Os céticos rebateram que a Grécia é um caso especial, que caiu na sua própria armadilha com o uso do euro, o que a condenou a passar por anos de deflação e estagnação não importa o que aconteça. As taxas de juros pagas pelas grandes nações com suas próprias moedas – não apenas os EUA, mas também a Grã-Bretanha e o Japão – não deram sinais de que os vigilantes dos títulos estejam à beira de um ataque, nem mesmo que esses investidores de fato existam.

É só esperar, disseram os austeríacos: os vigilantes dos títulos podem ser invisíveis, mas devem ser temidos mesmo assim. Este era um argumento estranho mesmo há alguns meses, quando o governo dos Estados Unidos conseguia captar empréstimos para dez anos com taxas menores que 4%. Dis­­seram também que era necessário desistir da criação de empregos, con­­sequentemente infligindo so­­frimento a milhões de trabalhadores, a fim de satisfazer as exigências que os investidores não estão de fato fazendo, mas que os austeríacos alegam que fariam no futuro.

Entretanto, o argumento se tornou ainda mais estranho recentemente, à medida que se tornou claro que os investidores não estão preocupados com os déficits. Eles estão preocupados com a estagnação e a deflação. Eles também estão sinalizando esta preocupação fixando as taxas de juros do déficit das maiores economias em índices mais baixos, não mais altos. Na última quinta-feira, a taxa de juros de 10 anos dos Estados Unidos estava em meros 2,58%.

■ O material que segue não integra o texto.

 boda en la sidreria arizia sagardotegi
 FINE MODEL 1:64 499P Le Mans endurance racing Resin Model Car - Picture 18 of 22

Desta forma, como os austeríacost lidam com a realidade das taxas de juros que estão em queda livre, não em ascensão? A última moda é declarar que existe uma bolha no mercado de títulos; os investidores não estão realmente preocupados com a fraqueza econômica, eles estão apenas se empolgando. É difícil transpor em palavras a audácia deste argumento: primeiro nos disseram para ignorar os fundamentos da economia e obedecer ao que os mercados financeiros ditassem; agora, nos pedem para ignorar o que os mesmos mercados financeiros estão dizendo, visto que eles estão confusos.

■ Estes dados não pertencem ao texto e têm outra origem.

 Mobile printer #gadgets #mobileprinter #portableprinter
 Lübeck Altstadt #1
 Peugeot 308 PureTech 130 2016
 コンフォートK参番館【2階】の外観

Veja, então, porque me encontro pensando em cultos estranhos e selvagens que clamam por sacrifícios humanos para apaziguar forças invisíveis. Sim, estamos falando de sacrifícios humanos. Qualquer um que duvide do sofrimento causado pelo corte nos gastos governamentais em uma economia enfraquecida deveria olhar para os efeitos catastróficos dos programas de austeridade na Grécia e na Irlanda. Talvez estes países não tivessem alternativa neste quesito – embora valha a pena notar que todo o sofrimento imposto a suas populações não parece ter aumentado a confiança dos investidores em seus governos.

Entretanto, nos Estados Unidos, existe uma alternativa. Os mercados não estão exigindo que os americanos desistam de criar empregos. Muito pelo contrário. Eles estão preocupados com a falta de ação – sobretudo com o fato de que, assim como Bill Gross do gigantesco fundo Pimco definiu na semana passada, estamos "chegando a um beco sem saída criado pelo estímulo que irá retardar o crescimento na velocidade de uma lesma, tornando-o incapaz de fornecer um amento no número de empregos necessários enquanto avança".

Parece quase supérfluo, visto o exposto acima, mencionar o insulto final: muitos dos austeríacos mais eloquentes são, obviamente, hipócritas. Note, em particular, quão repentinamente os republicanos perderam o interesse no déficit do orçamento quando desafiados sobre os custos de se reter os cortes tributários para os mais ricos. Todavia, isto não irá impedi-los de continuar posando como falcões do déficit toda vez que alguém propuser fazer algo em auxílio dos desempregados. E eis a questão que me vejo perguntando: o que será preciso para quebrar o encanto que este culto cruel gera nas mentes da elite política? Quando, se é que um dia, voltaremos ao trabalho de reconstruir a economia?